The baritone calls of a ground hornbill shattered the serenity at Amagugu. Its call had been downloaded from the internet.
Africans had their own natural tools for handling weather and seasonal forecasting. This was a huge mass of meteorological arsenal that was at Africa’s disposal.
Today, all this has been reduced to Indigenous Knowledge Systems (IKS) that, in essence, is trashed African knowledge.
Calls of certain birds were known to be associated with certain impending weather patterns. This happens to be the case with calls of ground hornbills, insingizi.

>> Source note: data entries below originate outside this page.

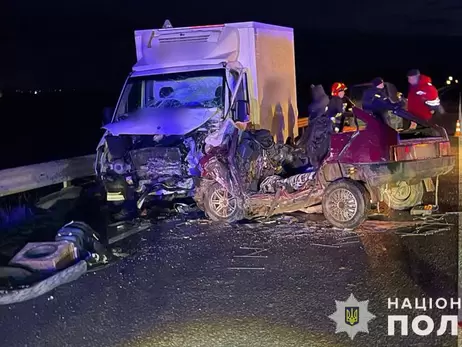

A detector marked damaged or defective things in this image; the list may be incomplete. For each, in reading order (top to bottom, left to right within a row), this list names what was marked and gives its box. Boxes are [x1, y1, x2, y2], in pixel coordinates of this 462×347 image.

crumpled metal panel [129, 147, 183, 179]
shattered truck windshield [114, 68, 225, 119]
damaged truck cab [94, 22, 300, 212]
crushed red car [192, 106, 454, 231]
detached car part on road [196, 107, 454, 230]
detached car bumper [358, 155, 454, 188]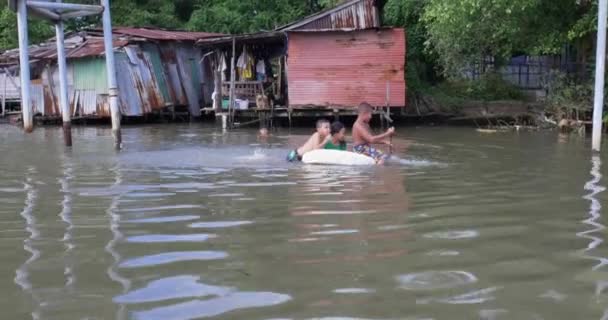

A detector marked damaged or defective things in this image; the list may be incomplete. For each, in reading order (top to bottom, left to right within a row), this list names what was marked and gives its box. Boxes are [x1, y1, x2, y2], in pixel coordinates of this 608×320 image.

rusty corrugated metal [280, 0, 380, 31]
rusty corrugated metal [288, 28, 406, 109]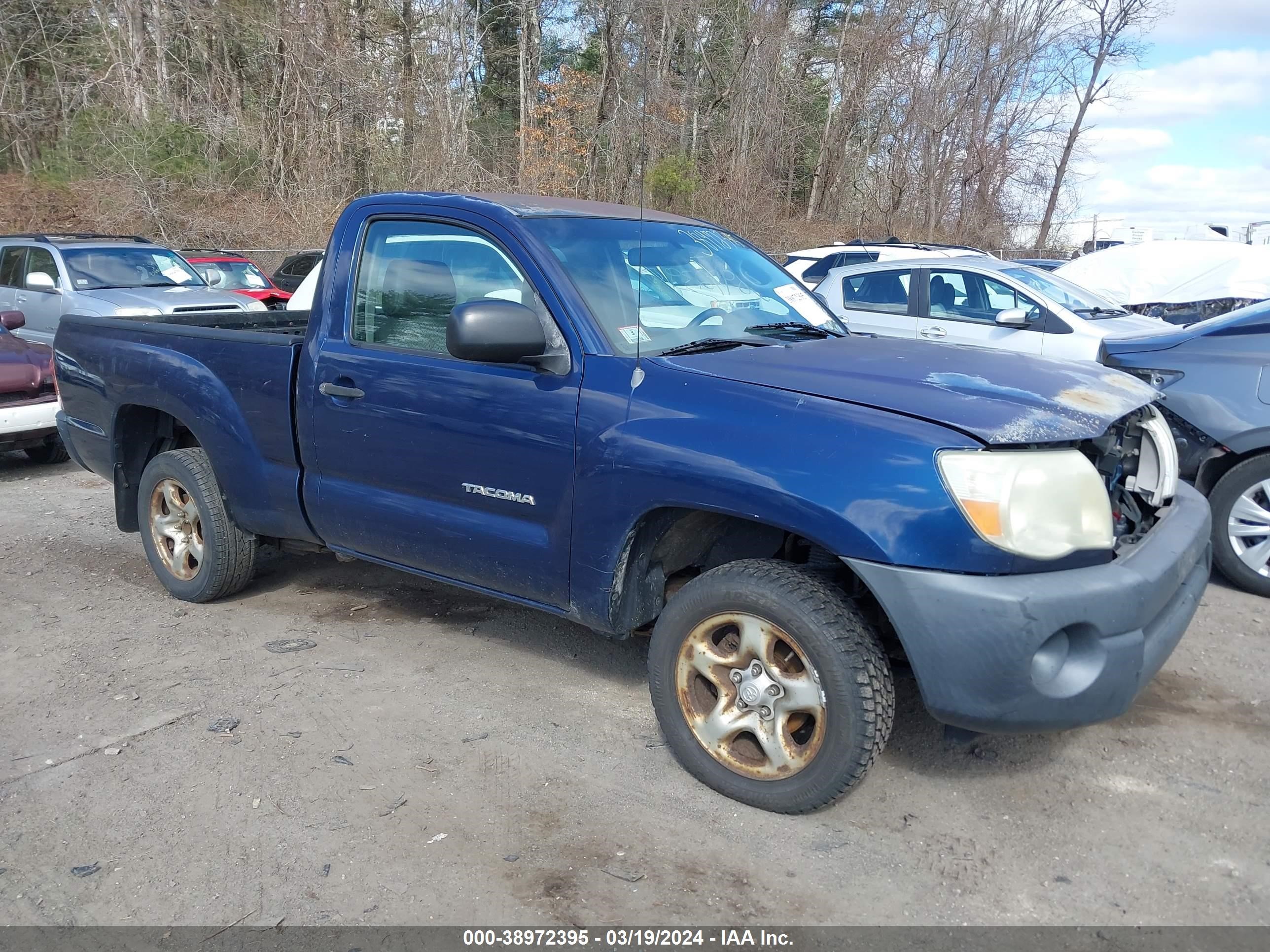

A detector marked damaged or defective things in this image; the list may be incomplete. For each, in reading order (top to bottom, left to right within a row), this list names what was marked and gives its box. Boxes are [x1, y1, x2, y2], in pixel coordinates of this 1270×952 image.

rusty alloy wheel [152, 477, 208, 579]
cracked headlight assembly [939, 451, 1104, 564]
damaged front bumper [844, 485, 1207, 737]
rusty alloy wheel [678, 615, 828, 781]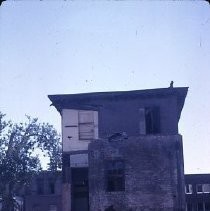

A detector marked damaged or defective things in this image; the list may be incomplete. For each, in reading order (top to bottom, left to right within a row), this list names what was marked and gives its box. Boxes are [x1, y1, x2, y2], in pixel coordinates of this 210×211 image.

broken window [78, 110, 94, 140]
broken window [139, 106, 160, 134]
damaged brick building [48, 86, 188, 211]
broken window [106, 161, 124, 192]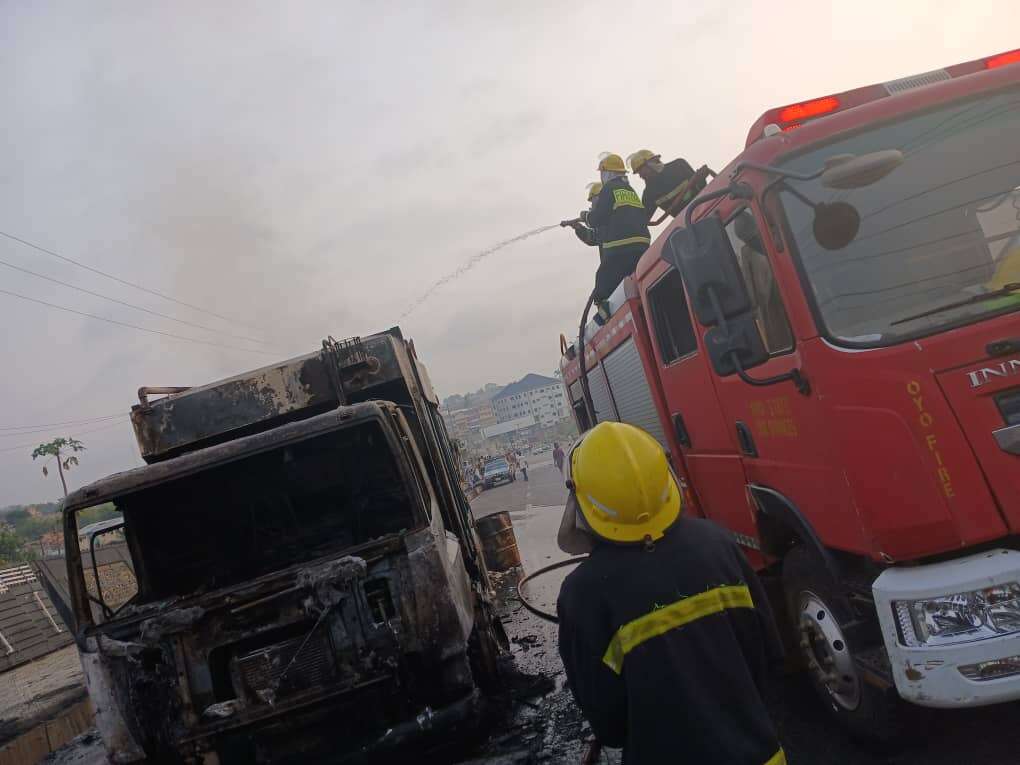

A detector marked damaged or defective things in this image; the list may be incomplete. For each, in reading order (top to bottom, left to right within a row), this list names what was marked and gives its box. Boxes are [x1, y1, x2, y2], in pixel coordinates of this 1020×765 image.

burned truck [59, 332, 506, 760]
destroyed vehicle cab [62, 332, 506, 760]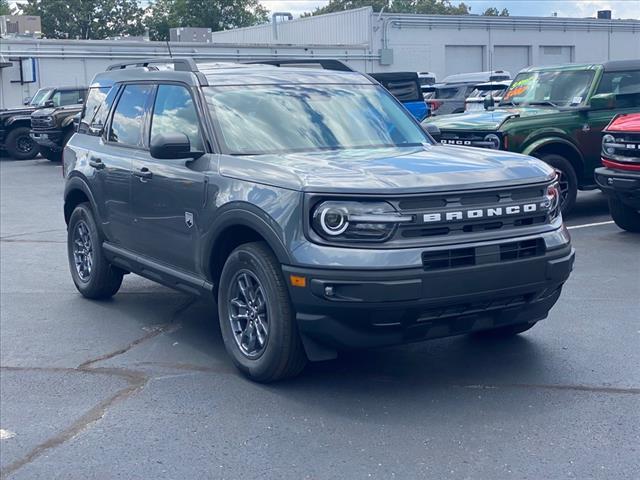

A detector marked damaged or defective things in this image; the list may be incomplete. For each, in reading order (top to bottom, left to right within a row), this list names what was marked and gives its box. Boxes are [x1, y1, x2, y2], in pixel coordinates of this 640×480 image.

crack in pavement [0, 294, 198, 478]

Then came the use of the resurrection plant, fazhamuka/umafavuke. Here is an example where different communities arrived at a common name for the same plant that abounds on rocks of the Matobo Hills.
In winter during the absence of water, the plant looks dead and pale. Winter cannot better be represented and expressed by the behaviour of the resurrection plant.
The torch that had been constructed for the rituals of renewal and regeneration at Amagugu embraced the plant that symbolises the life-death cycle.
After the Covid-19 pandemic, Amagugu is poised for renewal and regeneration.
Icing on the cake of rebirth was provided by two dances that are performed at the Njelele Rain/Fertility Shrine.
The first was iWoso (Amabhiza) followed by iWosana. Their order of presentation serves to immortalise the history and ownership of the rain shrine which used to have a large catchment in the past.
The initiation of songs, dances and associated rain-inducing rituals is ushered by the emergence in July of the pleiades constellation. Thereafter the shrine adepts, amawosana initiate the cleansing rituals (ukuthanyela) that are followed in the month of August by rain-inducing rituals.
The appearance and positioning of stars, in this particular case, the Pleiades constellation, Isilimela, portends and sets in motion events that translate to renewal, regeneration and rebirth and these were captured during Amagugu Inkelo Cultural Expo where Leo Zulukandaba Khumalo was the guest of honour.
Civilised or uncivilised, human beings cannot escape the influence of stars that are several light years away from earth. This was even more so among the ancients of the world regardless of where they were domiciled. Communities, through lived experiences, observed the role of stars in their lives and sometimes elevated them to the level of gods and divinities.
Some stars were keenly awaited in their rhythmic or regular movements and their appearances, monitored by upright stone circles and spiritually endowed individuals, were welcomed with pomp and ceremony. Offerings were given and so were sacrifices and libations.
Remains of bones have alerted archaeologists and historians to the lavish ceremonies that awaited and accompanied the arrival of stars. Movement of celestial and cosmic bodies had a bearing on the welfare and wellbeing of communities in various localities.
The question that we shall deal with later is just how eternal is eternity in as far as stars are concerned? It will be argued that eternity is a relative term premised on the short lifespans of human beings. The lifespans of stars on the other hand are infinite, inestimable and immeasurable and appear to human beings as eternal.